EIRP: Feldtests bei Antennensystemen für 5G NR lassen sich mit speziellen Spektrumanalysatoren messen.
EIRP: Feldtests bei Antennensystemen für 5G NR lassen sich mit speziellen Spektrumanalysatoren messen.
(Bild: (c) James Thew - stock.adobe.com)

Mit dem Aufkommen aktiver Antennensysteme für 5G-New-Radio (NR) sind neue Prüf- und Testmethoden notwendig. Dazu gehört die effektive isotrope Strahlungsleistung (EIRP; Effective Isotropic Radiated Power). Damit überprüfen Techniker die Sendeleistung und Abstrahlung. Vorbei sind die Zeiten, in denen die Sendeleistung einfach mit einem Absorptionsleistungsmesser erfasst oder eine direkte Verbindung über einen Sniffer-Port in der Antenneneinspeisung verwendet wurde.

Für die Messungen müssen neue Techniken im Feld zum Einsatz kommen. Der Beitrag befasst sich mit den Grundlagen, Herausforderungen und Best Practices von EIRP-Tests bei der Installation und Wartung von 3GPP-5G-Next-Generation-Basisstationen (gNB). Dazu gehören außerdem wichtige Spezifikationen für ein Spektrumanalysator, um genaue EIRP-Messungen zu gewährleisten.

Komplexe Antennensysteme für 5G

Vor 5G verwendeten Funksysteme, wie Mobilfunk (GSM), PMR, Rundfunk oder Militär, relativ einfache Sender und Antennen.
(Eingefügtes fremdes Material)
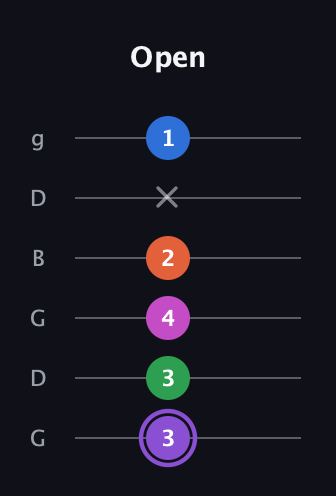 A♯ Minor 7th Flat 9th guitar tab — Open (3 3 4 2 x 1) in Open E Tuning (EBEG♯BE) · Capo 3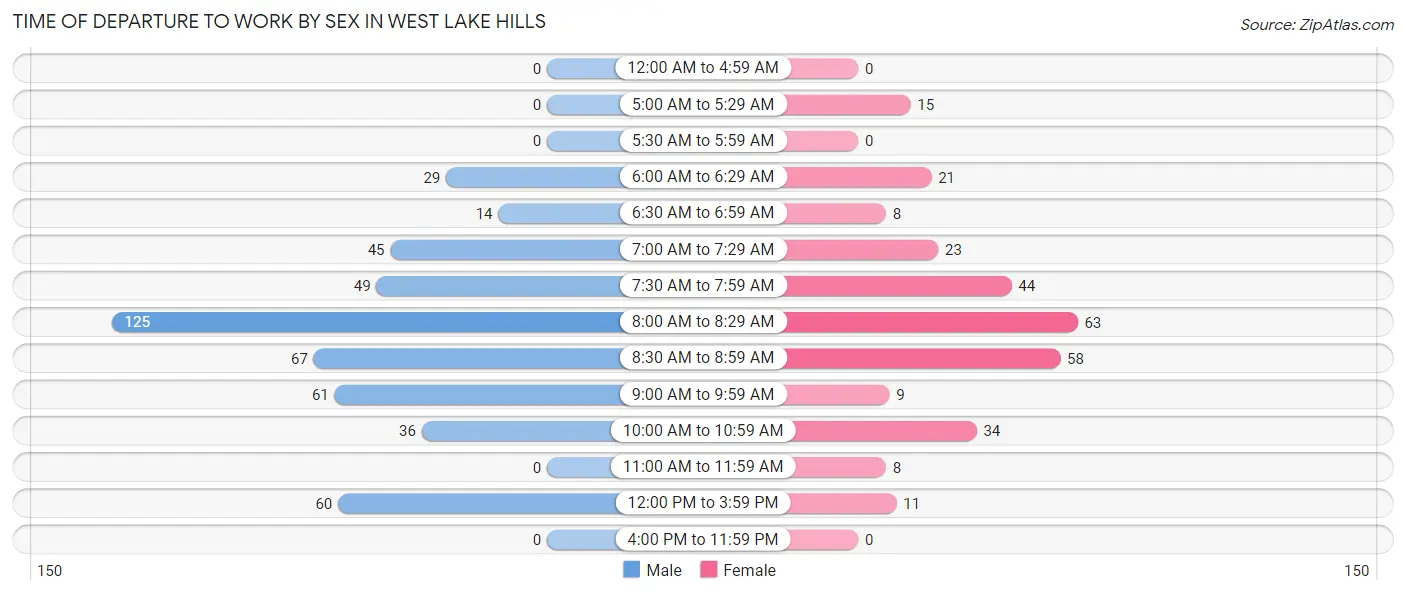 Time of Departure to Work by Sex in West Lake Hills
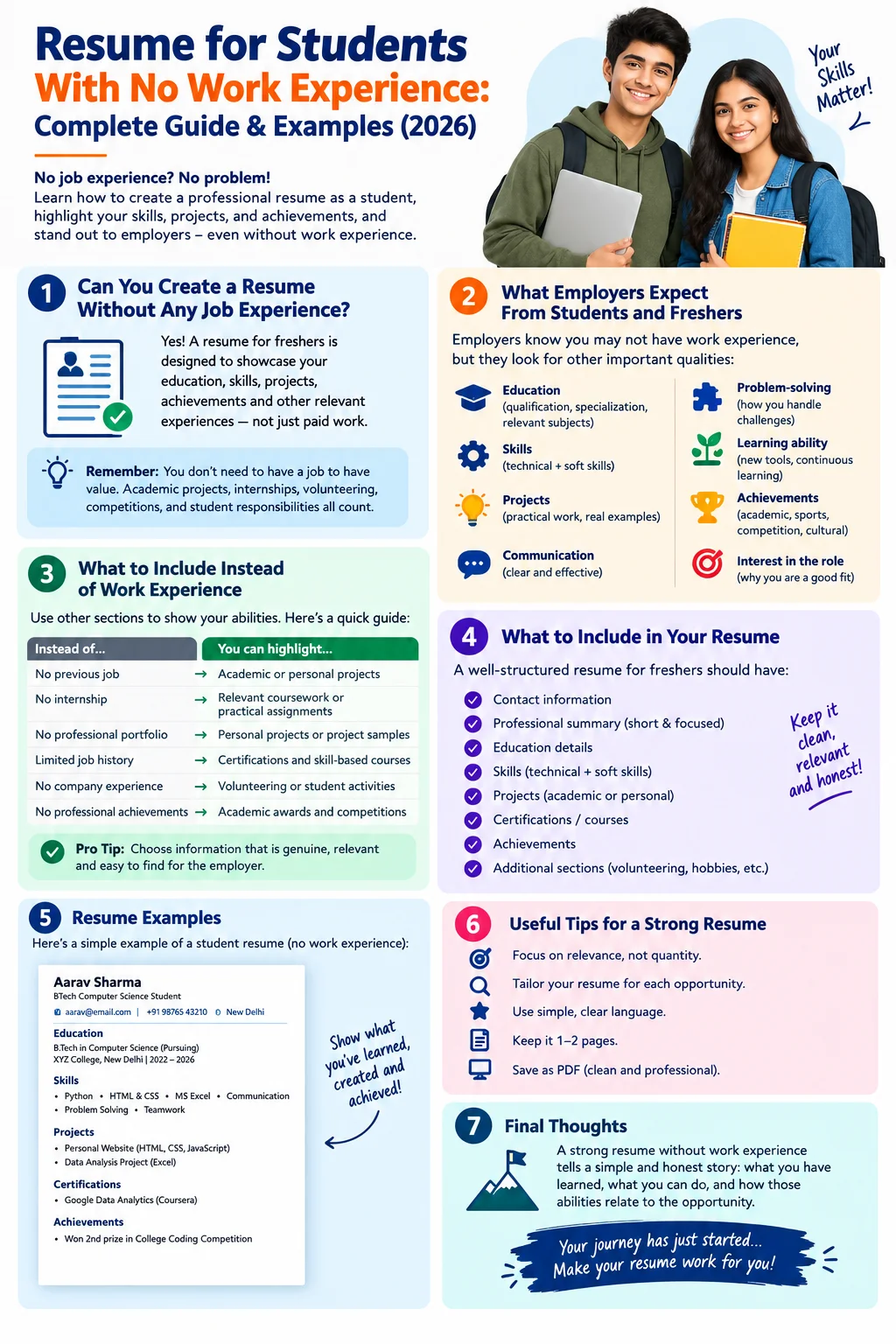 Resume for Students With No Work Experience Complete Guide & Examples in 2026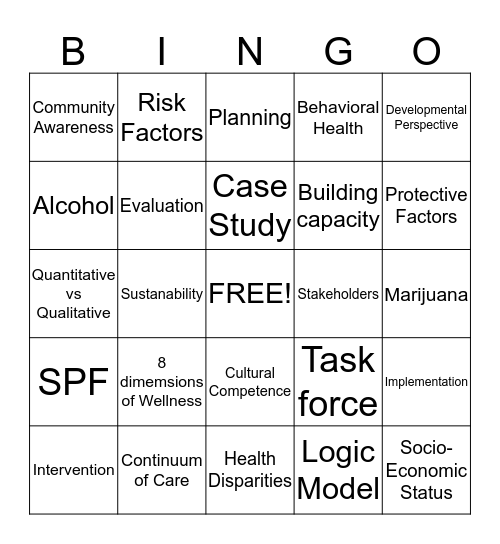 Substance Abuse Prevention Training (SAPST) Bingo Card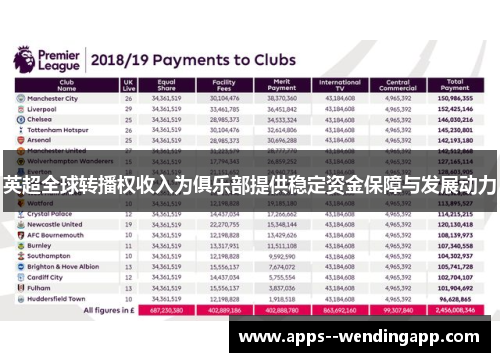 英超全球转播权收入为俱乐部提供稳定资金保障与发展动力 英超全球转播权收入为俱乐部提供稳定资金保障与发展动力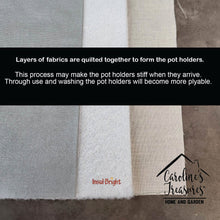 Load image into Gallery viewer, Alphabet S for Sheep Pot Holders - Set of 2 - Heat-Resistant Kitchen Essentials BB5744PTHD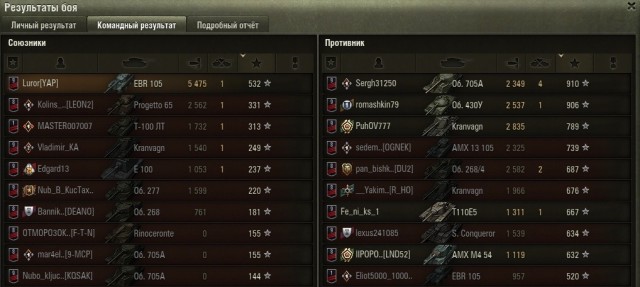 Wargaming 60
Waren der Antennengewinn und die Eingangsleistung bekannt, konnten Entwickler die Signalstärken vorhersagen und somit eine Basisstation validieren, die Sicherheit garantieren und Leistungsindikatoren analysieren.

Heute ist das nicht mehr der Fall. 5G-Netze benötigen komplexe aktive Antennensysteme, die erhebliche Änderungen bei der Installation und Wartung von Basisstationen mit sich bringen. Diese Komplexität ist notwendig, um die Effizienz und Geschwindigkeit von 5G zu erreichen. Herkömmliche Messmethoden sind unpraktisch geworden, und die Ergebnisse hätten, selbst wenn möglich, wenig Bezug zur Leistungsfähigkeit des Netzwerks.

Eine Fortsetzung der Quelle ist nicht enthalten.